Re: [HTML5] 2.8 Character encodings from Dr. Olaf Hoffmann on 2009-08-05 (public-html-comments@w3.org from August 2009)

From: Dr. Olaf Hoffmann <Dr.O.Hoffmann@gmx.de>
Date: Wed, 5 Aug 2009 10:58:43 +0200
To: public-html-comments@w3.org
Message-Id: <200908051058.43744.Dr.O.Hoffmann@gmx.de>
Anne van Kesteren:

....

> I am just trying to explain the state of affairs with respect to CSS here.
> While you can claim it is supposed to be different, that does not make it
> so.

No, I think, both CSS and 'HTML5' share the same problem without
a version indication. However, CSS is just about styling, in doubt
one can switch it off. (X)HTML is about content and it is more important
to have a well defined and not plurivalent meaning of elements
(or encoding or other things related to content). 


....



> >> > For 'HTML5' - as long as I cannot simply write version="HTML5"
> >> > I cannot start to write HTML5 documents.
> >>
> >> In effect your documents will be treated as HTML5 regardless.
> >
> > Here you mix up again interpretation and content.
> > If you like, you can interprete a 'microsoft word' document or
> > a postscript or PDF as well as 'HTML5', this does not necessarily
> > mean, that you get the intended meaning of the document with
> > such an interpretation and it is not obvious, how to interprete this
> > in a useful way, if author/server send them as text/html.
> > This can already happen with translations of documents from one
> > language to another (Shakespeare in german, Goethe in english?),
> > it is obviously even worse, if you try to interprete such documents
> > in the other language without a translation - but of course, you can
> > do it ;o)
>
> This is the same point as above. Authors do not write against
> specifications.

Well not all authors ...
As an author I started to write a specification, because (X)HTML did
not cover, what I wanted to markup ;o)
And those people with microformats and RDF(a) indicate, that not
all authors want to write things, already appearing somehow in
common browsers, but have no semantical well defined meaning ;o)

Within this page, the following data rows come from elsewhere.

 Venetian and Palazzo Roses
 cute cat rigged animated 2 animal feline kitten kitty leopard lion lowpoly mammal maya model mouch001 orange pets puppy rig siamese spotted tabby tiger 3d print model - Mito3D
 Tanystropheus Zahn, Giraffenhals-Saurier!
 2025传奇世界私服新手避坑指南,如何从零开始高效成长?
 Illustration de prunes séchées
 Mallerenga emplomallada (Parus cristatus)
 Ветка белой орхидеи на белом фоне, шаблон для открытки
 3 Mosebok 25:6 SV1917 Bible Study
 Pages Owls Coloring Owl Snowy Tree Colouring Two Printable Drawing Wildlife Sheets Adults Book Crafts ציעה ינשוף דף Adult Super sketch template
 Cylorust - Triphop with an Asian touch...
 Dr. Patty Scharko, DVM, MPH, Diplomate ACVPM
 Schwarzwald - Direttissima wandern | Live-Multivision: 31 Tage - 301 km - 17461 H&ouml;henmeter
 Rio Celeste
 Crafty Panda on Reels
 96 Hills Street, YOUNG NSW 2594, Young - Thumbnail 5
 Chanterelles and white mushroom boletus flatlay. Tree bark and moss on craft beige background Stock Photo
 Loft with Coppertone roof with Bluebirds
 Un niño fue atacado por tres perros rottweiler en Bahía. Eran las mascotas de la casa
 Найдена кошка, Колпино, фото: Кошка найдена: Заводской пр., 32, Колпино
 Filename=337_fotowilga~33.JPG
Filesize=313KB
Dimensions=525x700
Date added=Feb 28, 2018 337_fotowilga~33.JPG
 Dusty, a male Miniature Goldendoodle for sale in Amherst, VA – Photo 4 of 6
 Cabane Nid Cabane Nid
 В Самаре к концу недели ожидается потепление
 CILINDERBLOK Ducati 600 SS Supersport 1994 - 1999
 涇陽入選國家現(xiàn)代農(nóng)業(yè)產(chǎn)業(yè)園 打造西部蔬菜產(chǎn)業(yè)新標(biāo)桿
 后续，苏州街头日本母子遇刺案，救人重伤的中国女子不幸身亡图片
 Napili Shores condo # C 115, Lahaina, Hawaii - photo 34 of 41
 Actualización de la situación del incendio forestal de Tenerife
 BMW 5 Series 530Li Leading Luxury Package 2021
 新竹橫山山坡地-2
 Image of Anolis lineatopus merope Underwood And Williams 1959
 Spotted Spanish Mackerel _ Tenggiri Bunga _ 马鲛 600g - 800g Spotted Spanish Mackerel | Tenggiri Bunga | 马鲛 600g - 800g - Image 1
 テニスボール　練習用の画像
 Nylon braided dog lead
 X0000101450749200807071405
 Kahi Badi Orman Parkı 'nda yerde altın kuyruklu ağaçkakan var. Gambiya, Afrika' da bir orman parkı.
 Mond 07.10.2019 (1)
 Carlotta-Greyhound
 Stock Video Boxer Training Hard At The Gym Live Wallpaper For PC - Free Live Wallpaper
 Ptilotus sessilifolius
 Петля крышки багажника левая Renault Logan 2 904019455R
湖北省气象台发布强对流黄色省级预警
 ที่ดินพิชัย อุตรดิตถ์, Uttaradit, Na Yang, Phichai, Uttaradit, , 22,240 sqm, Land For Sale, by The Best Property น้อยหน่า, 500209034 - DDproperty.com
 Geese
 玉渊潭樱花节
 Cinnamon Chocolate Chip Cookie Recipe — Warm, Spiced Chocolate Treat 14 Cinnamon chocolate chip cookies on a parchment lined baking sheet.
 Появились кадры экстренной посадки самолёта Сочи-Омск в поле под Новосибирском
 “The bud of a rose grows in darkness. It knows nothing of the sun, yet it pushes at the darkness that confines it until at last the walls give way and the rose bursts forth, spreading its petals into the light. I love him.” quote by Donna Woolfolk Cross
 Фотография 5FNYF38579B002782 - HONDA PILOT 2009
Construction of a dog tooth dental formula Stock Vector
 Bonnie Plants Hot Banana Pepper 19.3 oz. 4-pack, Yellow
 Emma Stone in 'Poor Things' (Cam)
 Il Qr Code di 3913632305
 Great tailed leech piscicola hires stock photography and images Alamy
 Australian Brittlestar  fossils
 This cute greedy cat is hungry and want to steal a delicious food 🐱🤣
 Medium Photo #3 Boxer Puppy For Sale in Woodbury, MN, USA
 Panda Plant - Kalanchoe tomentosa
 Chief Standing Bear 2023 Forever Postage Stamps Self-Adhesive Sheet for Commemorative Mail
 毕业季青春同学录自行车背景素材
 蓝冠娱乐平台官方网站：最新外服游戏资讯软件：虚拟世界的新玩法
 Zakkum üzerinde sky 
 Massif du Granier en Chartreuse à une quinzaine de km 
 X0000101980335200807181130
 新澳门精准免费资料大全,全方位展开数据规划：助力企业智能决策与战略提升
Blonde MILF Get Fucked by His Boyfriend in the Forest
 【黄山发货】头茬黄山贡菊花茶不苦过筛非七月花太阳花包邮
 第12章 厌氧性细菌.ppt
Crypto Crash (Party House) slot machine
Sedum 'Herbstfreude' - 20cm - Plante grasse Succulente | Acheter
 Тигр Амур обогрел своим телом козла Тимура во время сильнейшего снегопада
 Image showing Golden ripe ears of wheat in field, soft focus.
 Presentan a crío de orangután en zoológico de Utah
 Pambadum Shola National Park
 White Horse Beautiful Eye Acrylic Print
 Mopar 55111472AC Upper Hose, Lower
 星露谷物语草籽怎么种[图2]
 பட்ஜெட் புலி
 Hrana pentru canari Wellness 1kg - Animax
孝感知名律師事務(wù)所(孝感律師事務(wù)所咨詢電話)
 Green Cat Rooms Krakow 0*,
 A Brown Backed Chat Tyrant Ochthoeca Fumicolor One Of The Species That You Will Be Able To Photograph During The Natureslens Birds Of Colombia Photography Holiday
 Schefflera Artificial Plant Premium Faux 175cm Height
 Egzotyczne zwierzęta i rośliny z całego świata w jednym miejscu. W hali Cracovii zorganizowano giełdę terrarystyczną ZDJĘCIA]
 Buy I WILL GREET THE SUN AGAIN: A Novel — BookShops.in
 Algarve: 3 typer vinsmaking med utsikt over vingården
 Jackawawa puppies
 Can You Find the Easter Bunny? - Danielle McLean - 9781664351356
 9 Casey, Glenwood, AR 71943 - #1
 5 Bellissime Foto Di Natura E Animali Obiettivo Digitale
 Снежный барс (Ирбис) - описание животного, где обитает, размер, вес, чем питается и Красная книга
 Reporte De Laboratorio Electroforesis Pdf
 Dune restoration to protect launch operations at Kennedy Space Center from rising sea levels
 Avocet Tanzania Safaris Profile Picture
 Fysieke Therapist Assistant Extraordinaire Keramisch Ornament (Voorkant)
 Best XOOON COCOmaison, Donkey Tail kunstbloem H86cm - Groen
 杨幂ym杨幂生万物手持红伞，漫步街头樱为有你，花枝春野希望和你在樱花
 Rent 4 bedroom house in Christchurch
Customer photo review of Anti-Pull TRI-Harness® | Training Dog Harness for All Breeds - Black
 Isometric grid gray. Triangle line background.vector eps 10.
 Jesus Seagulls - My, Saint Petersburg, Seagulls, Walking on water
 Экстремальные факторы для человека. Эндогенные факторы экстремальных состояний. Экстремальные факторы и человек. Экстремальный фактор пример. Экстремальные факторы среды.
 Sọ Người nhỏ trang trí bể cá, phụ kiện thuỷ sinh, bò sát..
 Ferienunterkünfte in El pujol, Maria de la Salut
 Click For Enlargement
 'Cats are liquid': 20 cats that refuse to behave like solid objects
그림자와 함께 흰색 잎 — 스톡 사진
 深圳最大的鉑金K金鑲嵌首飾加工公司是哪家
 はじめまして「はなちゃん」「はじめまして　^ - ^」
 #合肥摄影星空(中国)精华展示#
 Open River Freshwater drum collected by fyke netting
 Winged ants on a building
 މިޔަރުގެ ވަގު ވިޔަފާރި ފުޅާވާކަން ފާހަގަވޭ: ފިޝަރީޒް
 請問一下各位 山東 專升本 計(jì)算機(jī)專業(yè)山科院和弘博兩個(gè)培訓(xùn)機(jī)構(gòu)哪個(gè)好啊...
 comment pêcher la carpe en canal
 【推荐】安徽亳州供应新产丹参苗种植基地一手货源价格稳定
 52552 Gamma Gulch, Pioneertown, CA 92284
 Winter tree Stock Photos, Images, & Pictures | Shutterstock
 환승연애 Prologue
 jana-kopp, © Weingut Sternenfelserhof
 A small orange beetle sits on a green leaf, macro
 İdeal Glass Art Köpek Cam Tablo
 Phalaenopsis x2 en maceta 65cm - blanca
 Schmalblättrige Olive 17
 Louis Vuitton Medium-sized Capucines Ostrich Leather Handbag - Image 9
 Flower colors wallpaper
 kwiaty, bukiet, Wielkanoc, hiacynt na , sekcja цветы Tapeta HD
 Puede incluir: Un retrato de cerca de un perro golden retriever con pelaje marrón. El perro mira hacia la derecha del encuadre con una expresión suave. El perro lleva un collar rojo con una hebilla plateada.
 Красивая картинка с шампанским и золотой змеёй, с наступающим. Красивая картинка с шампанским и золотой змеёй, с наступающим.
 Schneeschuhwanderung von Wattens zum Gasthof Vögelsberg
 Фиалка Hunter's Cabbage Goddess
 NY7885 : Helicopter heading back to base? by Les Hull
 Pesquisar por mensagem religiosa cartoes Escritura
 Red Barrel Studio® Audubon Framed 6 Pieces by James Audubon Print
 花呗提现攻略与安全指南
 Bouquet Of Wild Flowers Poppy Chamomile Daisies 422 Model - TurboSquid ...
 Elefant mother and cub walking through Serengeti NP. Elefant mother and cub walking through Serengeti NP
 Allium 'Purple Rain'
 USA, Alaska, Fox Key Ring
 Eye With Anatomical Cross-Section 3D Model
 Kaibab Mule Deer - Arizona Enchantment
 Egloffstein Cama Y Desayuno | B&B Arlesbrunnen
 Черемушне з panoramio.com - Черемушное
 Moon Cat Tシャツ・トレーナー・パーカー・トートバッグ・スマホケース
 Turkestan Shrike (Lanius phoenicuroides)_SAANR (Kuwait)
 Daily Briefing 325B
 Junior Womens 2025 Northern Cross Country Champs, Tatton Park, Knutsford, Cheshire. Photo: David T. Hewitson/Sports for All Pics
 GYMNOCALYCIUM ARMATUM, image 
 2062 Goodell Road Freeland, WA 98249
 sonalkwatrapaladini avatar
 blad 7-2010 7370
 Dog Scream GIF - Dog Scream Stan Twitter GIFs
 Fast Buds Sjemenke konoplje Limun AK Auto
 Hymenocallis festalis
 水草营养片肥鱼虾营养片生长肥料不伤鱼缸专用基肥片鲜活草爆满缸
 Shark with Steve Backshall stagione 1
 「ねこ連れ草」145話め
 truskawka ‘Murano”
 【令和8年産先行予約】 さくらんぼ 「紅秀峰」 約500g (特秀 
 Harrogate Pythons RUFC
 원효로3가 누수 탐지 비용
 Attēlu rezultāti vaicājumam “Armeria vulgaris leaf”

Those authors, who care mainly about the appearance in current
browsers typically do not have long living documents in mind, even
if with some luck some of these documents remain several years.
Or they do not have much experience and rely to much on the
behaviour of the current version of their preferred browser.
Within the last ten years such authors typically had a lot of work
updating a few documents to the current behaviour of the newest
browser version. I think, this is not really a promising perspective
for electronic formats (as for computer hardware this is no
standard, this permanent handicraft work).


>
> >> > Already this is a 'show stopper' for 'HTML5' currently. One can still
> >> > discuss the
> >> > current draft, but for formal reasons one cannot write a
> >> > 'HTML5' document ;o)
> >>
> >> As far as I know there are no formal reasons why one cannot write HTML5
> >> documents and publish them and in fact many people are authoring HTML5
> >> documents and publishing them.
> >
> > Well do you have samples?
>
> There is
>
>    http://html5gallery.com/
>
> for instance, which collects sites made in HTML5.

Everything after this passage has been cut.